The workers removed rubble right down to the building's foundation in their search for the bodies that were expected to be there.
Superintendent Sam Hoyle told a media briefing on Saturday night that it remains a mystery why it was thought 20 or 22 people may have been caught up in the cathedral's collapse.
He says some people reported missing will be alive and well somewhere.
But Superintendant Hoyle says despite not finding anyone in the rubble of the cathedral the death toll is likely to remain in the low 200s.
The official toll is currently 165, following the discovery of two more bodies at the Canterbury Television building on Friday, police say 38 of the bodies have been identified so far.

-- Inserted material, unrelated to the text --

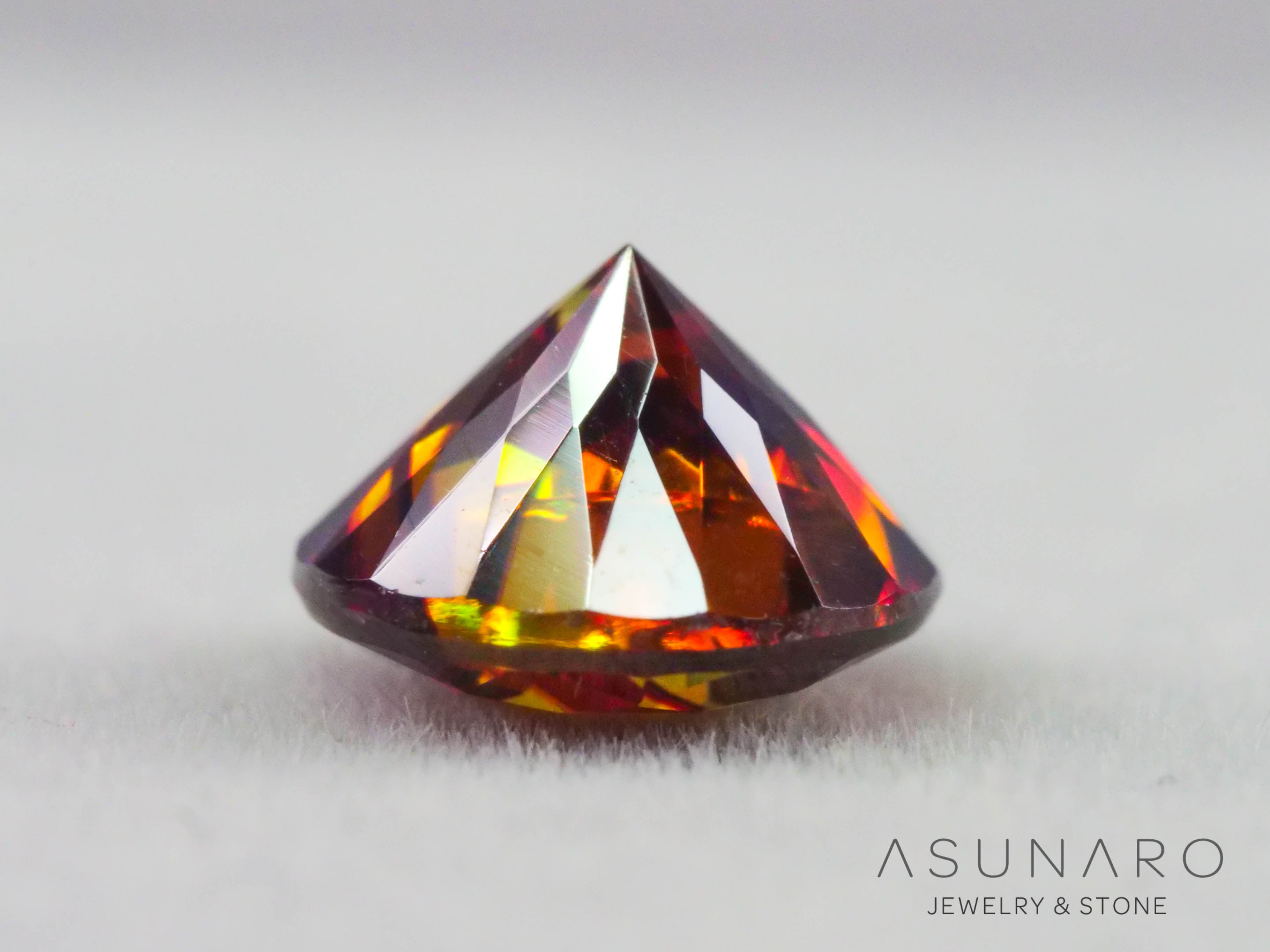 バイカラースファレライト ラウンドカット スペイン産 1.18ct【260407-3289】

Superintendant Sandra Manderson told Morning Report that recovery teams are elated to have cleared the cathedral site and to have found no further bodies.
Prime Minister John Key says he is "absolutely thrilled" by the news.
He says CCTV footage backs up the result of the formal physical search.
Cathedral's dean moved to tears
The dean of the Cathedral, the Very Reverend Peter Beck, says he burst into tears when he got a phone call at 1am from a search and rescue officer telling him no bodies had been found.
"It was just astonishing, I was just speechless at that news," he says.
Dean Beck says he had been expecting he might have to go to the site to pray for the dead.
He says he does not know the origin of the widely reported figure of 22 either.
Teams searched the immediate environs of the cathedral on Saturday.
Civil defence says that search has been completed and no bodies have been found.